▸ Material for this task

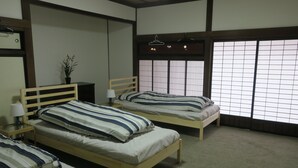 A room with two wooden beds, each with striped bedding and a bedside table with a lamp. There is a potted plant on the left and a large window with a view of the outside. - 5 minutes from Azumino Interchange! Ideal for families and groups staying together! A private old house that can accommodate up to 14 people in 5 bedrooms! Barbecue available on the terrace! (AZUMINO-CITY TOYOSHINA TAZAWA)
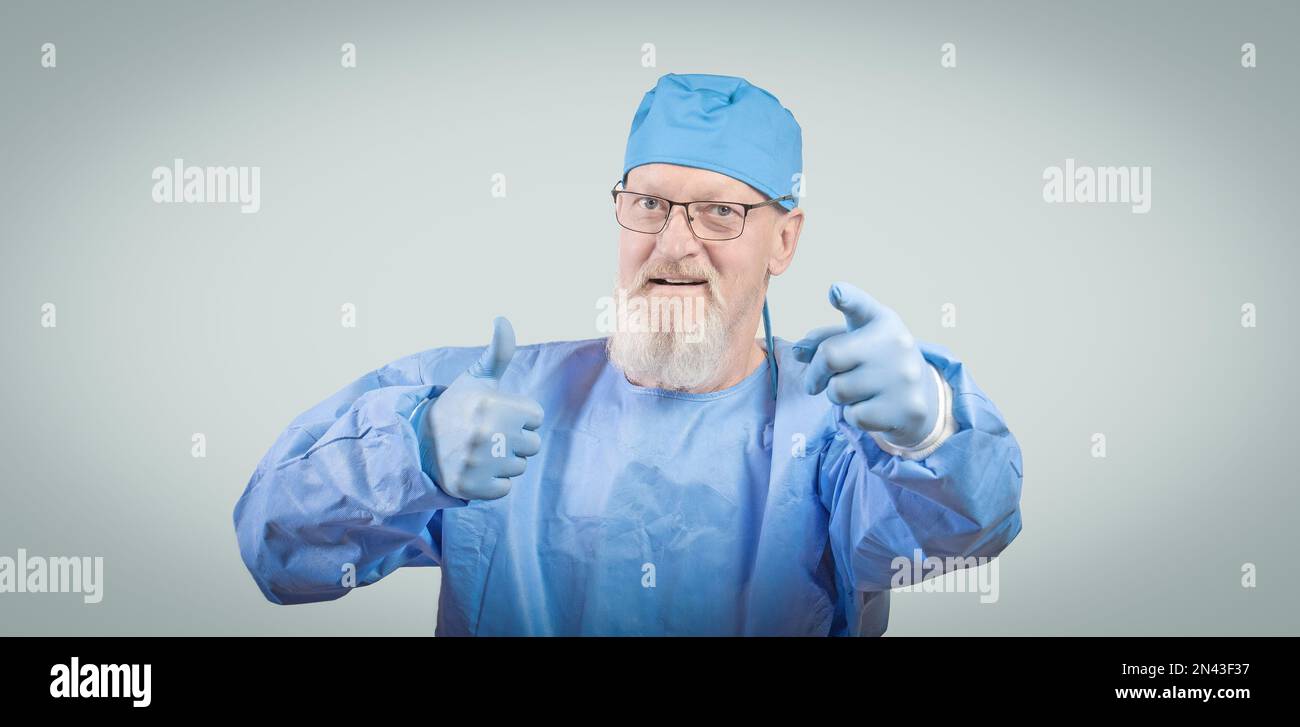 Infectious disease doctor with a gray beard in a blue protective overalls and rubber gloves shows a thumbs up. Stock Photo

==

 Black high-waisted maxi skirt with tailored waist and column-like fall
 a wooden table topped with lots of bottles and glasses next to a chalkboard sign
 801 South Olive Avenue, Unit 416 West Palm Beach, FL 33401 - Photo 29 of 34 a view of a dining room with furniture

---

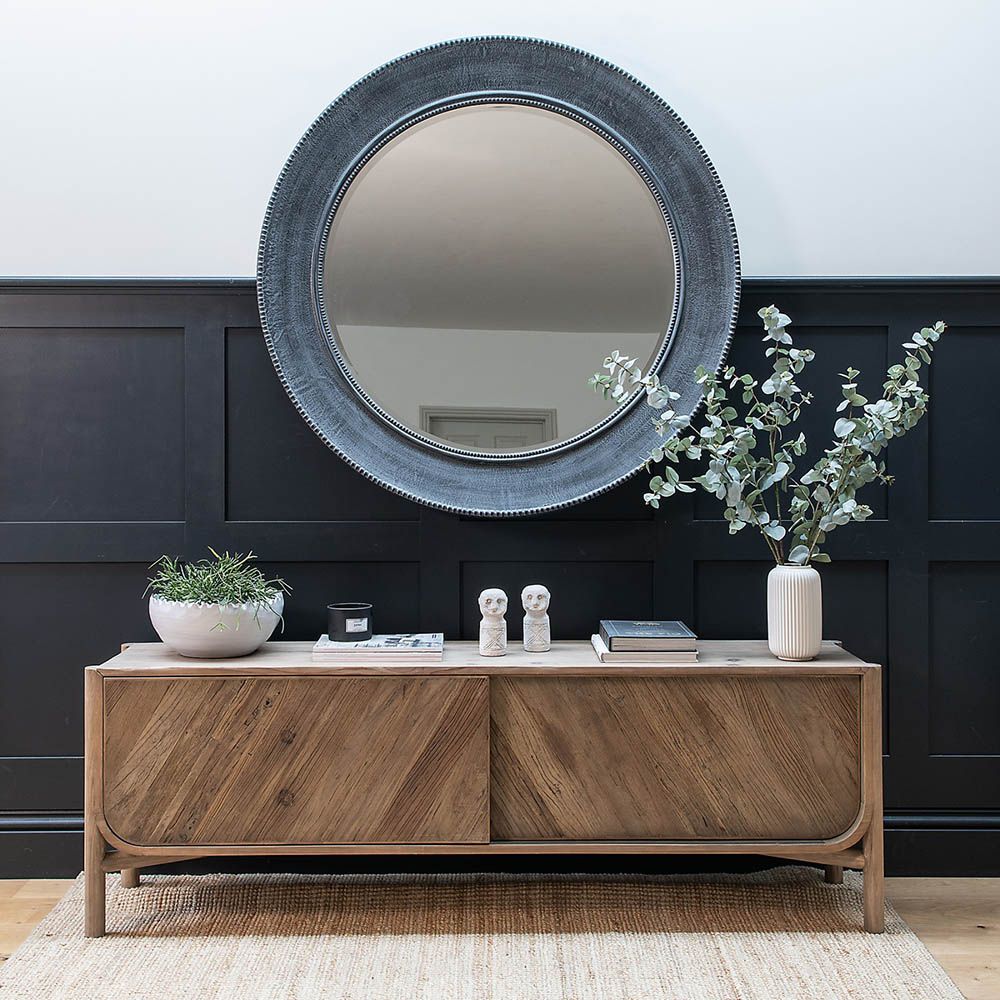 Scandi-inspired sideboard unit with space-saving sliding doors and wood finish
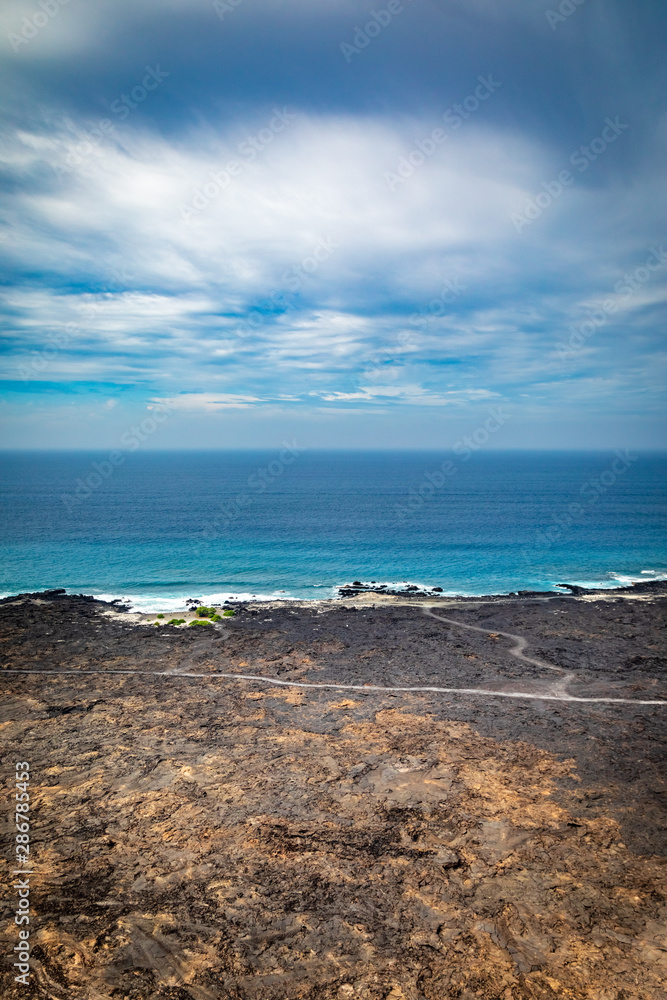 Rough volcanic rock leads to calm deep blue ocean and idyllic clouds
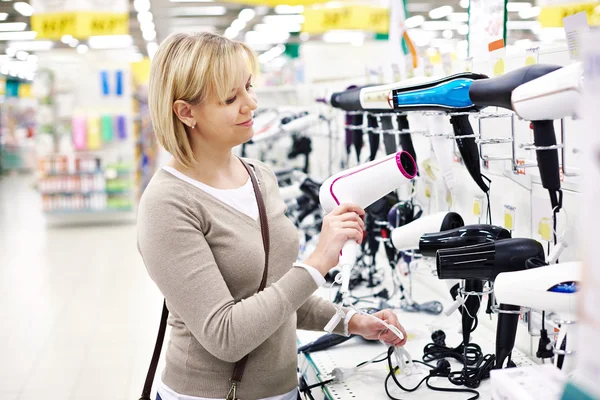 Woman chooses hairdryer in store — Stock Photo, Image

▸ Required action
With the first line being the one containing "Black high-waisted maxi" and the last line the one containing "801 South Olive", transcribe exactly the lines above that fall in that range.

▸ Problem solution
 Black high-waisted maxi skirt with tailored waist and column-like fall
 a wooden table topped with lots of bottles and glasses next to a chalkboard sign
 801 South Olive Avenue, Unit 416 West Palm Beach, FL 33401 - Photo 29 of 34 a view of a dining room with furniture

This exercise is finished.